The tune’s desolate Old West imagery highlights the uselessness of Jesus’ sacrifice. The so-called Son of God would be just another casualty of human cruelty in Arizona. Lloyd Maines’ sparse production reinforces this message. It’s just Allen playing the piano and singing while Maines adds a touch of Dobro, guitar, or tambourine at opportune moments.
When Allen was a young man, he was a member of an early version of Little Feat with Lowell George. Later, George and the band recorded Allen’s “New Delhi Freight Train”. The Lubbock native does a version here with a group of Indian musicians who play traditional instruments, such as the veena, santoor, mridangam, tabla, kohi, dolak, and tambora. The exotic stringed instruments and percussion create a rambling rhythm that sure enough resembles the sound of a freight train traveling on the tracks. One can hear the locomotive strain as it goes uphill, then pick up steam as it goes down the slope and feel the shaking back and forth of the cars caused by the energy expended. As Allen sings about a country boy named Jesse James who goes way out East to ride the rails of the legendary New Delhi Freight Train, one realizes the romanticism of train transportation is an international phenomenon.

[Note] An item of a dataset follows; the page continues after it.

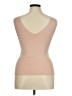 Jockey Tan Tank Top Size XL - photo 2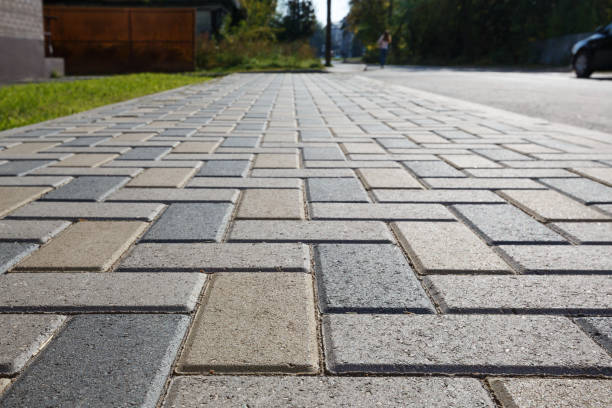 Reasons to Select Us for Your Driveway Paving Requirements in Hayden, AL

You can’t help but wonder about Asian versions of Jimmy Rodgers and Johnny Cash who make their versions of train songs without guitars.
The most ambitious track is the three-part, seven-plus minute long “Loneliness”, from Margaret Jenkins’ dance production of the same name. Allen ventures into the bizarre as he tells of Mamma Lonesome Rose’s descent into insanity:
“She was making Dream People out of parts of the living room, /
Sounds like a goofy voodoo movie or something — But anyway, /
She’d take chairs and tables and put useless items on them. /
You know, crap like forks and ashtrays or pieces of strings and sticks and little pieces of cloth or something, /
And she’d give every one of them a name . . .”
Allen would narrate. One can only imagine the dance taking place on stage. The lonely feeling referred to by the song’s title becomes increasingly palpable. The song ends with the sound of an unanswered ringing telephone that lasts for a long 30 seconds.
The disc’s short cuts carry a punch that becomes enhanced by their brevity. Consider his minute-and-a-half dirge, “Advice to Children”. Allen tells kids, in a voice worn with the experience of age, that it’s better to be mediocre than to be really good at anything. “And don’t ever do, / The best you can do, / ‘Cause they’ll just screw you over” he warns, because America is a nation of prescription drug-addled consumers who cause those who stand out to suffer. It’s difficult to know if Allen’s playing it straight, cynical, or being ironic — but that’s the point. He’s making you think.